Выстроив такой глуховатый, вещественный и значительный образный ряд, Бродский провозглашает: Бог сохраняет все. Это надпись на Фонтанном Доме, где жила Ахматова (Deus conservat omnia), и ее Ахматова использует в качестве эпиграфа к "Поэме без героя". Которую, да и вообще всю поэзию Ахматовой, Бродский называет "словами прощенья и любви". Т.е., все, что есть в страшном мире, и страдания, и особенно слова прощения и любви Бог сохраняет. И эти последние - голос самого Бога.
В следующей строфе Бродский опять строит образный ряд страдания в мире: рванный пульс, костный хруст, стук заступа. В этих словах слышится все это, потому что пишет их страдающий смертный человек, живущих в этом мире. И в устах смертного и страдающего человека, эти слова звучат отчетливее, убедительнее, чем если бы это был просто голос Бога, который не знает страдания и смерти. Т.е., в этом стихотворении Бродский говорит и о предназначении человека, и о предназначении поэта, и о смысле страданий и смерти, т.е., о теодицее. Страдания и смерть в мире существуют для того, чтобы человек смертными и страдающими устами выразил эти слова прощенья и любви, которые, вообще-то, голос Бога. Христианская, вообще-то, метафизика: зачем Бог воплотился в человеке и принял страдание и смерть? Чтобы отчетливее выразить слово Божье. Зачем существует человек? Чтобы именно из этой юдоли страдания благодарить Бога, произносить слова прощенья и любви. Вселенная ведь глухонемая, никто, кроме человека, не может их произнести.

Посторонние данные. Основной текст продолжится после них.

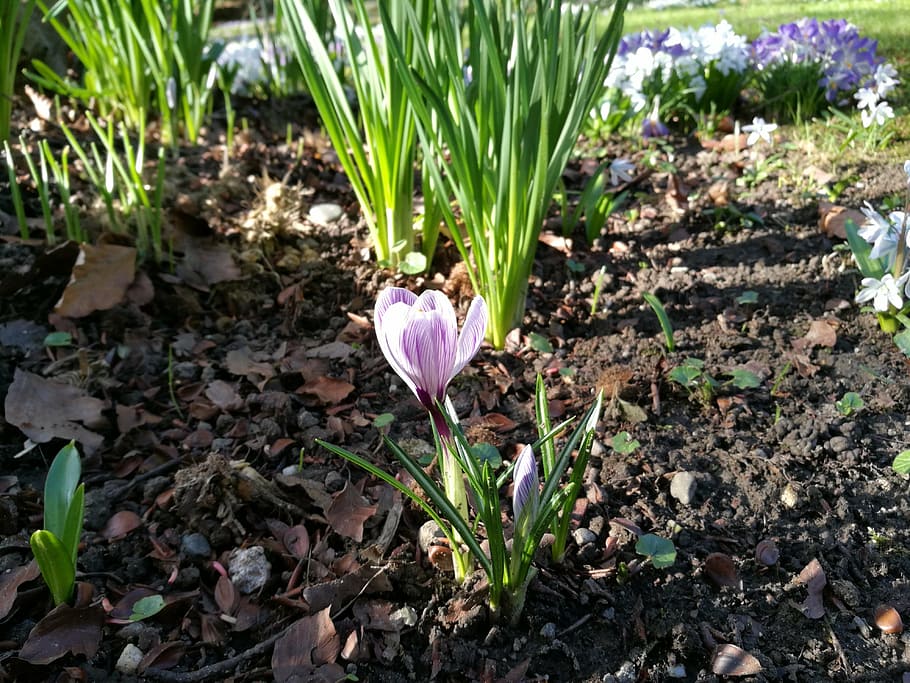 spring, plant, crocus, purple, white, garden, bloom, flowering plant HD wallpaper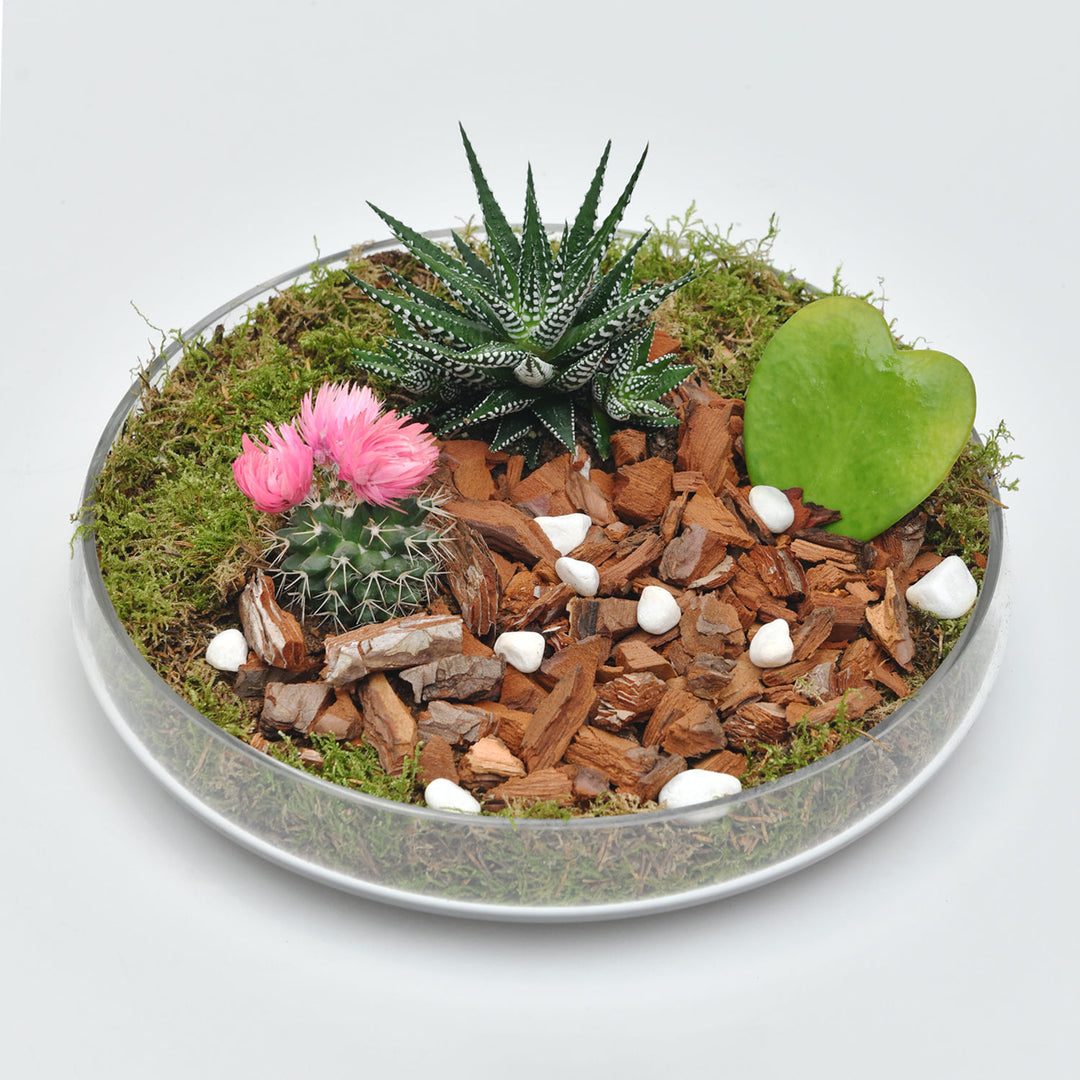 مجموعة هدايا نباتات عصارية فاخرة مع صينية زجاجية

Но Бродский посвящает стихотворение Ахматовой и далее обращается к ее душе и кланяется ей за то, что она, душа, нашла эти слова, и части тленной, телу, за то, что оно их выразило, произнесло через смертные уста. Нашла их душа, а тело обрело дар речи благодаря душе и произнесло эти слова. В этом предназначение поэта и вообще предназначение человека.
И дальше эта амфиболия. Синтаксис таков, что можно понять, что тело, благодаря душе, обрело дар речи, и что земля обрела дар речи. Даже если Бродский нечаянно допустил такую "погрешность", не мог же он ее не заметить? Я думаю, что амфиболия здесь - прием, что она умышленная. Тело, благодаря душе, обрело дар речи, поэт стал голосом своей родной земли, тело есть скудель, персть земная. Из праха оно и во прах возвращается. Вот, в коммьюнити brodsky mar_gel очень интересное наблюдение сделала: она процитировала ахматовское стихотворение "Родная Земля" : "Но ложимся в нее и становимся ею, /Потому и зовем так свободно своею." Поэт еще и потому голос своей родины, что его тленная часть будет в ней спать. Короче, QED.

Кстати, сам Бродский, человек мира, похоронен далеко от родной земли. "Мне нечего сказать ни греку, ни варягу, / Зане, не знаю я, в какую землю лягу." Явная еще одна отсылка к этим строкам Ахматовой.